Podcast über Klasse: Hyper, hyper
Mit einem Podcast will das linke Magazin „Jacobin“ den Fokus auf den Klassenkampf lenken. Funktioniert das?
Löhne, Tarife, Renten – was die Leute „früher“ beschäftigt und manchmal sogar auf die Straße gebracht hat, mobilisiert heute nur noch selten. Geht es dagegen um Identitäten und Lebensentwürfe, um richtige oder falsche Worte, Kleidung, Ernährung, dann ist das Empörungspotenzial enorm.
So ließe sich die These des Historikers Anton Jäger zusammenfassen, der Anfang des Jahres für das linke Magazin Jacobin in einem Essay beschrieb, wie in der heutigen Zeit „der Kampf der Klassen“ durch „die Gegenüberstellung von Identitäten“ ersetzt werde. „Hyperpolitik“ nannte Jäger das. Entpolitisiert, so schreibt er, sei die Welt nicht – aber anstatt dass es (wieder) ums Wesentliche geht, streitet man sich um Oberflächlichkeiten. Und nichts verändert sich.
Brandneu ist diese These nicht, dennoch ist Jägers unaufgeregte ideengeschichtliche Einordnung treffend – und inspirierte wohl auch deswegen die Macher*innen des deutschen Ablegers von Jacobin dazu, einen Podcast mit dem Namen „Hyperpolitik“ zu starten. „Während jeder noch so belanglose Bereich des Alltags mit politisch aufgeladenen Kulturkämpfen überzogen wird, steckt die Politik selbst im Modus der Alternativlosigkeit fest“, heißt es im Ankündigungstext.

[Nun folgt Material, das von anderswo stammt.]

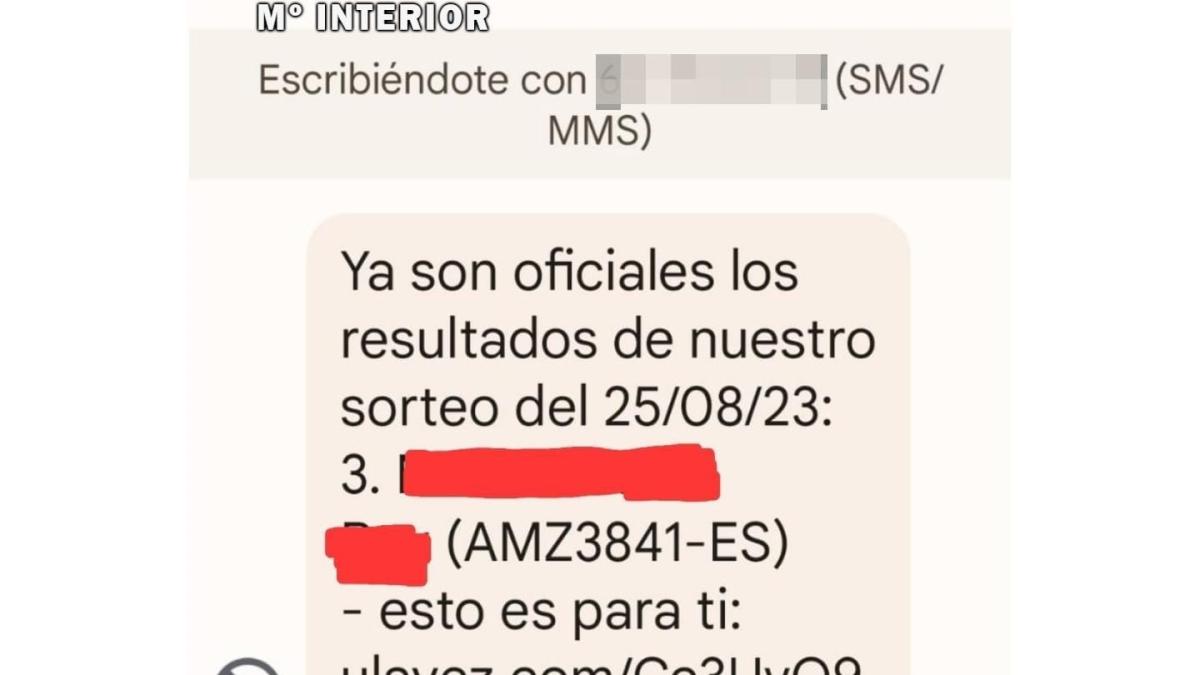 Imagen de un SMS con el que intentan estafar haciéndose pasar por Amazon. Foto: Guardia Civil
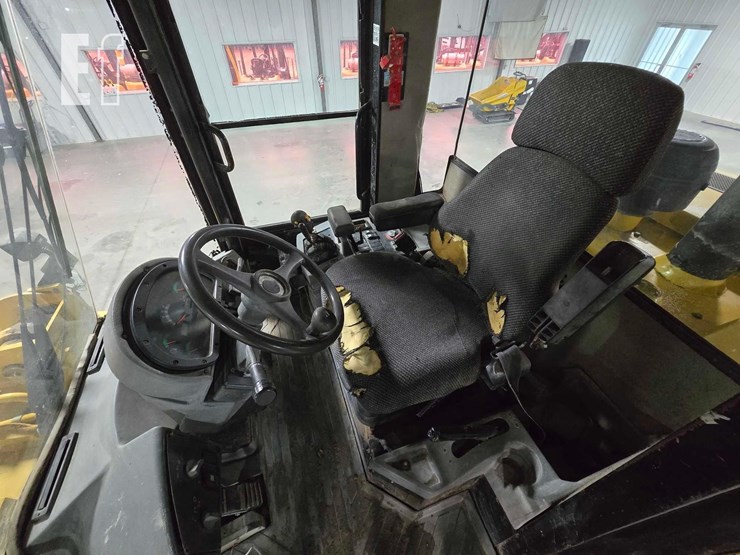 2006-caterpillar-938g-image-13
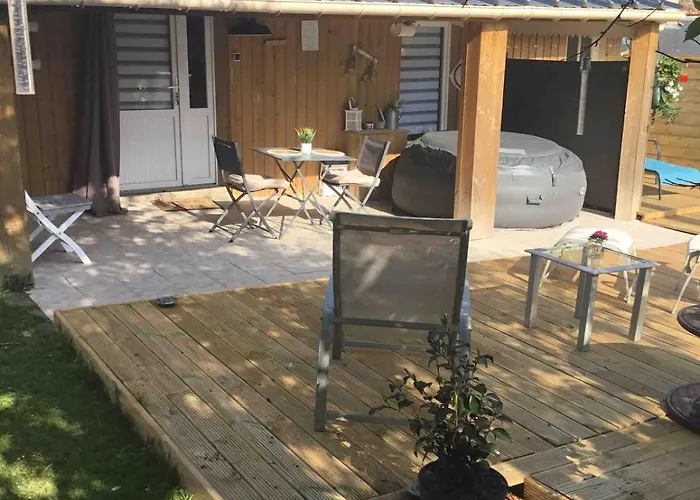 A 50m De La Avec 別荘 *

Seit November soll es nun alle zwei Wochen in einer einstündigen Sendung endlich wieder ums Ganze gehen: Klassenlagen, Verteilungsfragen, die ganze Palette seit Marx. Drei Episoden wurden bislang veröffentlicht, in denen Ines Schwerdtner, Chefredakteurin von Jacobin, und Nils Schniederjann, zuständig für Audio und Video beim Magazin, über aktuelle Themen sprechen. In der ersten Ausgabe ging es unter anderem ums Bürgergeld, in der jüngsten Episode etwa um Korruptionsskandale in der EU, die Reichsbürger-Bewegung und die Bestrebungen des Finanzministers, eine Aktienrente einzuführen.
Keine linke Lehrstunde
Insbesondere Letzteres ist ein komplexes Thema, bei dem Chefredakteurin Schwerdtner in einer knappen Viertelstunde durch die Geschichte von Bismarck bis Riester-Rente reiten muss, um zu erklären. Dann ordnet Schniederjann nüchtern, aber klassenpolitisch ein: „Plötzlich kämpft man gemeinsam mit den Unternehmerinnen und Unternehmern dafür, dass die Aktien steigen. Das ist total perfide, weil am Ende profitieren von den steigenden Aktien im viel höheren Maße diejenigen, die sowieso schon viel haben.“
Zur linken Lehrstunde verkommt das Format aber nicht: Schwerdtner und Schniederjann tragen sympathisch-locker vor und lassen immer rechtzeitig Raum für den ein oder anderen Gag neben all den ernsten Themen. Hauptsache nicht von oben herab – das scheint der Anspruch zu sein, hinter dem hin und wieder ein wenig Komplexität verschwinden darf. Keine falsche Idee für einen Podcast, der sich zumindest der Theorie nach nicht nur an Student*innen, sondern an die gesamte beherrschte Klasse richten möchte.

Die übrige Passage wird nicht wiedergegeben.